To handle this we have set the default to 2 partitions per node. This gives a good balance between efficiency, scalability and parallelism. This has become possible with the introduction of query threads in RonDB.
The gain in performance of using one ldm thread per CPU rather than one ldm thread per CPU core is only 15%. Thus for generic applications it isn’t really beneficial to use hyperthreading for ldm threads. It is better to use only one thread per CPU core for ldm threads.
As mentioned above it is thus better to use one query and one ldm thread per CPU core when hyperthreading is available to ensure that we make full use of all CPU cores.
There is also a third thing that affects latency and performance when the number of ldm threads increases. Doubling the number of ldm threads can have an impact on the number of application threads required to reach the top performance levels. This is more or less an effect of queueing mechanisms and that with more ldm there are more hardware paths that are used. It is also to some extent the effect of some internal mutexes that have some effect on things as the number of ldm threads increases.
Exactly why the hyperthreading for ldm threads isn’t so beneficial we don’t exactly know, it is not uncommon for database engines to not benefit so much from hyperthreading. Our experiments shows that ldm threads have an IPC of 1.27, a likely cause is that with 2 threads per CPU core we run out of computing resources. But the cache levels definitely have an impact on the behaviour as well.

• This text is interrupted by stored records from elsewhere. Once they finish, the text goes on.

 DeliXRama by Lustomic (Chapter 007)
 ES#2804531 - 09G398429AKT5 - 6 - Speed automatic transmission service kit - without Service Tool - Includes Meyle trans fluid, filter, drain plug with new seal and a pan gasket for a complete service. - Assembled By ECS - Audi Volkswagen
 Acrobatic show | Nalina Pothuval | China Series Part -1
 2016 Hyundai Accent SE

The most likely reason is that we overload the instruction cache which is shared between the hyperthreads.
Other thread types#
For the remaining threads hyperthreading is beneficial although it is good to know to what level it is giving benefits.
For tc threads the benefit is at 40% increased performance. For send threads it increases performance by 40%. For recv (receive) threads the benefit is a lot higher, it is all the way up to 70% increase in performance. The reason is that the receive thread is doing a lot of work on preparing protocol headers for the other threads, it does a fair amount of CPU processing on each byte it receives on the wire. ldm threads work a lot on large memory segments and thus have a lot of cache misses that misses in all cache layers.

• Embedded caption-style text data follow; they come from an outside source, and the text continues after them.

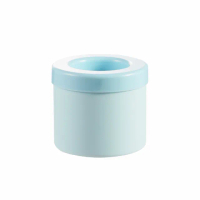 【JOEKI】捏捏製冰桶 矽膠製冰盒-CC0473(壓式製冰盒 冰塊盒 冰塊模具)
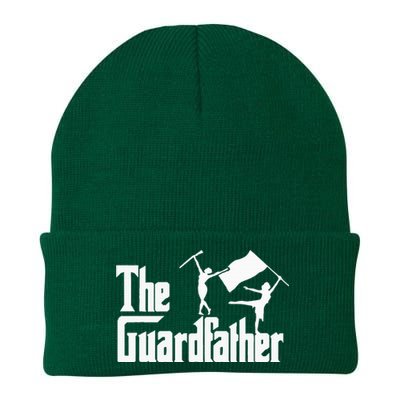 The Guardfather Color Guard Dad Knit Cap Winter Beanie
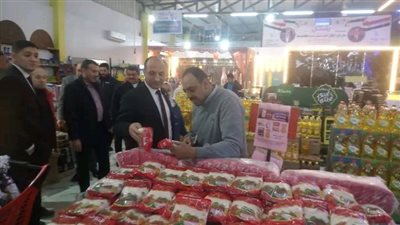 جهاز حماية المستهلك بمحافظة بني سويف يشن حملات رقابية مفاجئة على الأسواق لضبط الأسعار وفرض الانضباط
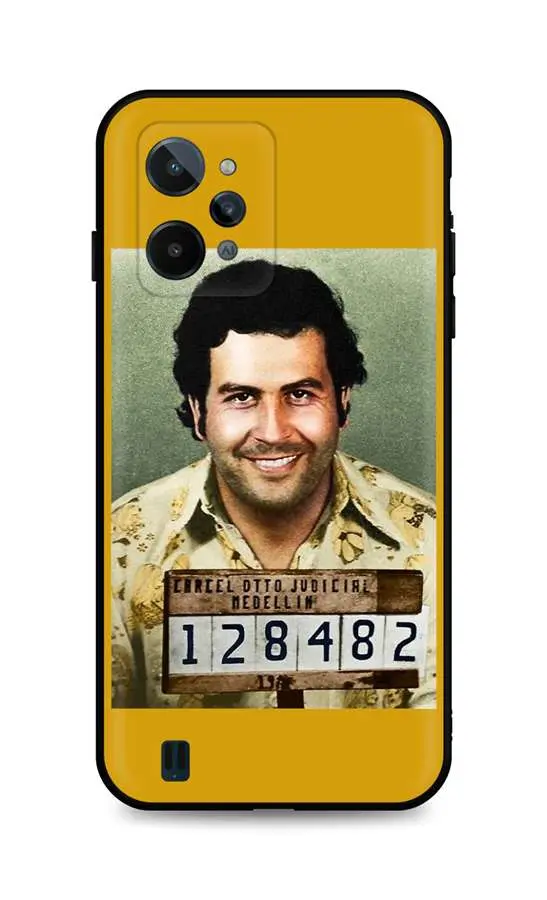 Kryt TopQ Realme C31 silikon Pablo Escobar 74290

The MySQL Server threads that execute SQL queries benefits 60% in increased performance by using hyperthreading and a similar number we get for the receive threads of the NDB API cluster connections.

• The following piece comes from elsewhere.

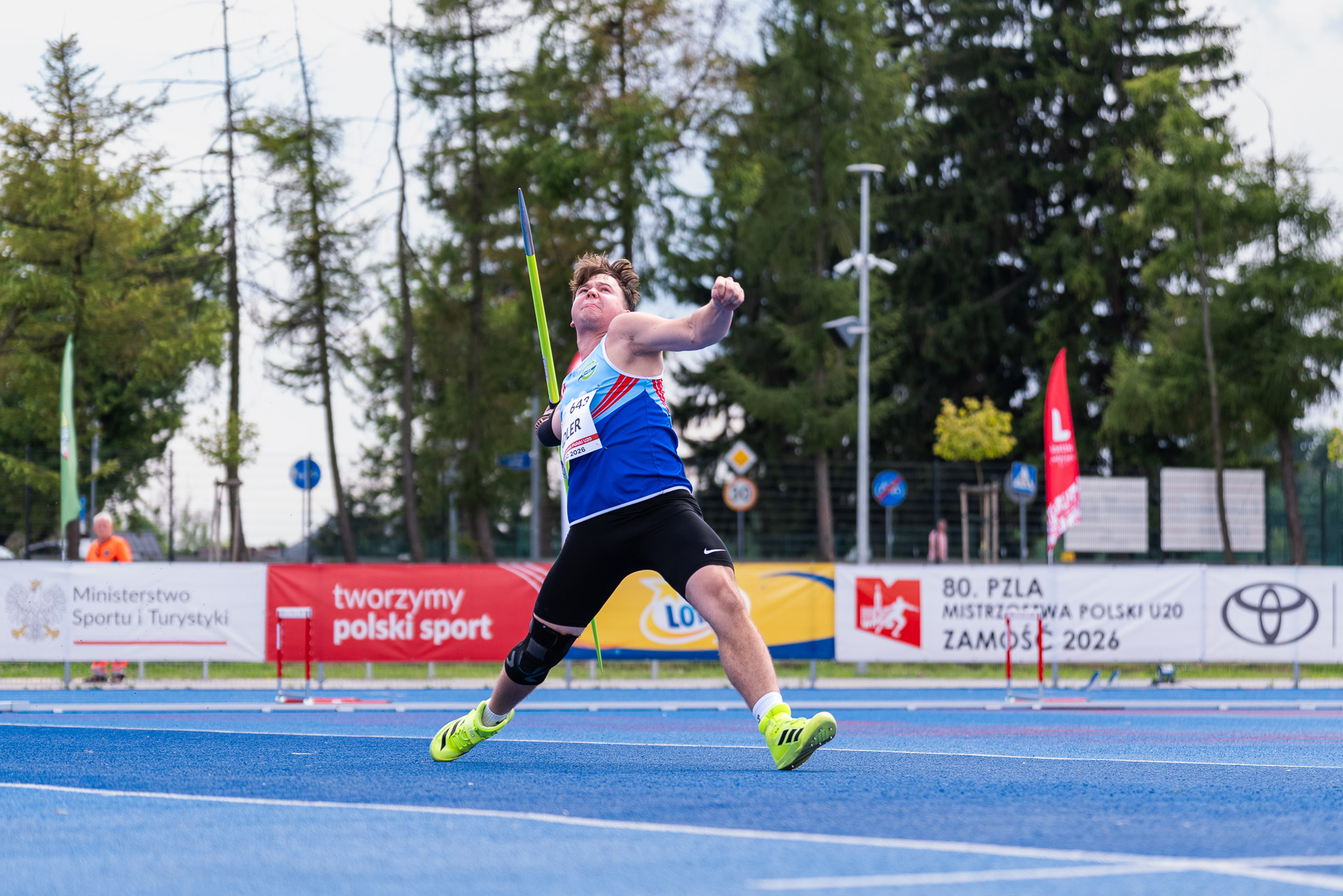 80. PZLA Mistrzostwa Polski U20, dz. 2 obrazek 18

Conclusion for x86 servers#
The simplest rule to follow is to use hyperthreading for all thread types except for ldm threads where one uses one ldm and one query thread per CPU core. A more complex rule is to look in more detail on the application scalability, number of CPU cores to use to decide whether to use hyperthreading for ldm threads.
Analysis of MySQL Server threads#
We ran a Sysbench OLTP RW benchmark where we kept the number of ldm threads constant at 8 and ensured that the other thread types wasn’t a bottleneck. We used 4 SPARC cores constantly and only varied the number of CPUs we made available to the MySQL Server (using the pbind command).